Conversion: more revenue from the traffic you have.

The cheapest growth you will ever buy is the visitor you already paid for. This is how to turn more of them into customers, from the quiet signs your site is leaking to the systems that lift conversion for good.

Pillar guide · Updated June 2026
What this guide covers

The short version.

Doubling your conversion rate has the same effect as doubling your traffic, at a fraction of the cost. Yet most growth budgets pour money into the top of the funnel while the page that has to convert it quietly loses customers.

Conversion is the discipline of fixing that.
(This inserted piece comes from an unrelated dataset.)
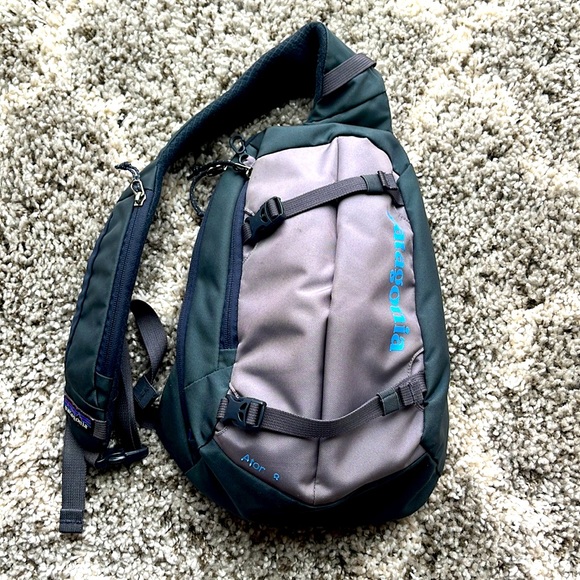 Patagonia Handbags - Patagonia Pack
It is less about clever tricks and more about removing friction, sharpening the argument, and giving every visitor one obvious next step.

The quiet signs a website is costing you customers
How to read where visitors hesitate and why they leave
What separates a page that informs from a page that converts
How small, compounding improvements outperform redesigns
01

Most sites lose customers quietly.

The damage rarely announces itself. It shows up as a slightly slow page, an unclear next step, a form that asks too much, an argument that never quite lands. Each one nudges a few more visitors to leave, and the cost compounds invisibly across every campaign you run.
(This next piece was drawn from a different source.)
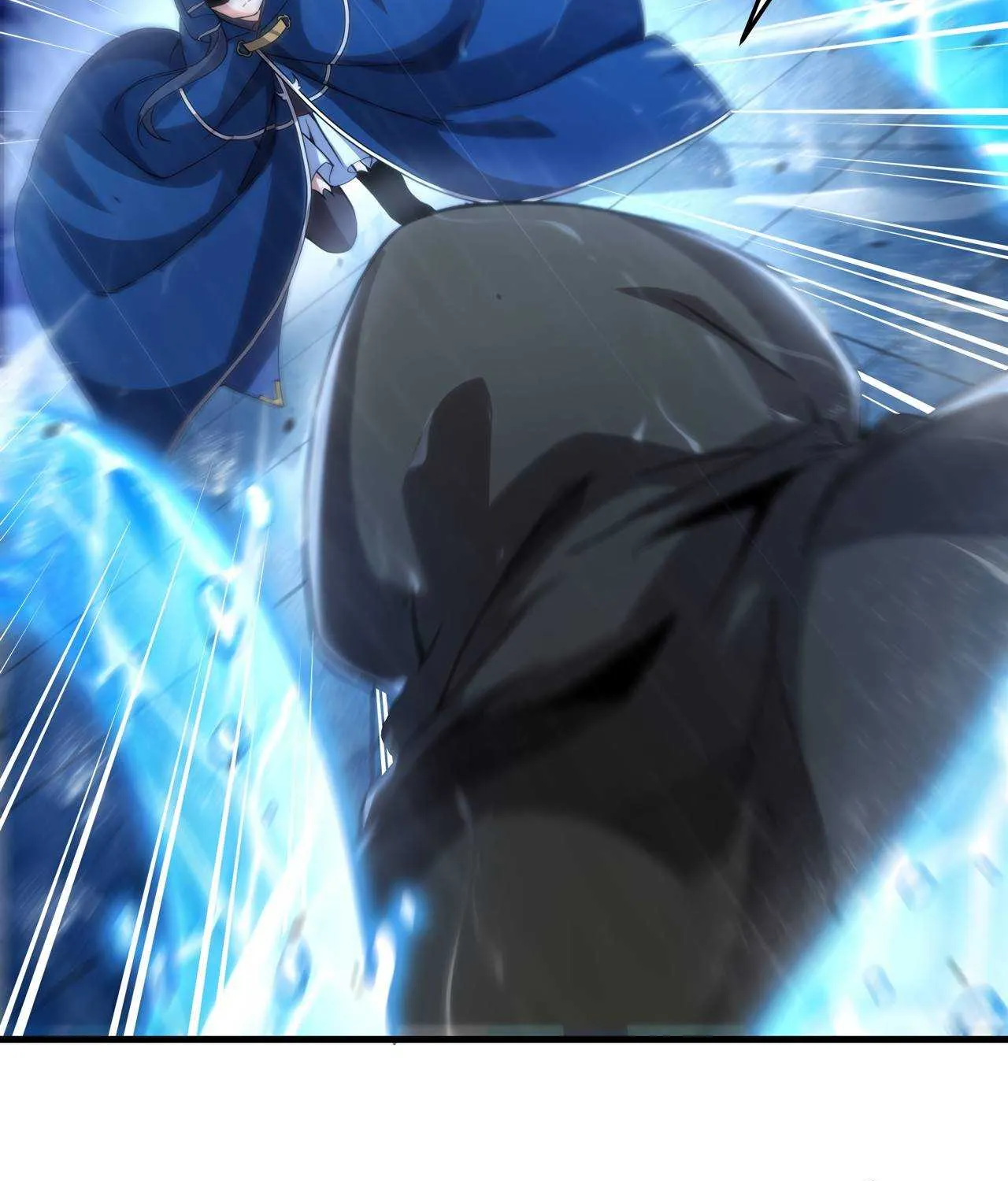 Despite Coming From the Abyss, I Will Save Humanity Chapter 109 page 37 -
Finding those leaks is the highest-return work in marketing, because the traffic is already there and already paid for.

02

Conversion is engineered, not decorated.

A page converts when its structure makes an argument: it meets the visitor's intent, removes doubt in the order doubts arise, and points to a single clear action. Visual polish helps, but it cannot rescue a page with no logic underneath it.

The most reliable gains come from testing real changes against real behaviour and keeping what works, again and again, rather than betting everything on one big redesign.

Questions

Conversion, answered.

What is a good conversion rate?

It varies far too much by industry, traffic source and offer for a single benchmark to be useful. The more honest question is whether your rate is improving against your own baseline. A page that converts 2% today and 3% next quarter has just delivered a 50% lift in revenue from the same spend, which matters more than any external average.

Should we redesign the whole site or test changes?

Usually test first. Full redesigns are expensive, slow and risky, and they often change a dozen things at once so you never learn what actually moved the number. Targeted, measured improvements compound faster and teach you what your specific audience responds to. A redesign makes sense once testing shows the structure itself is the ceiling.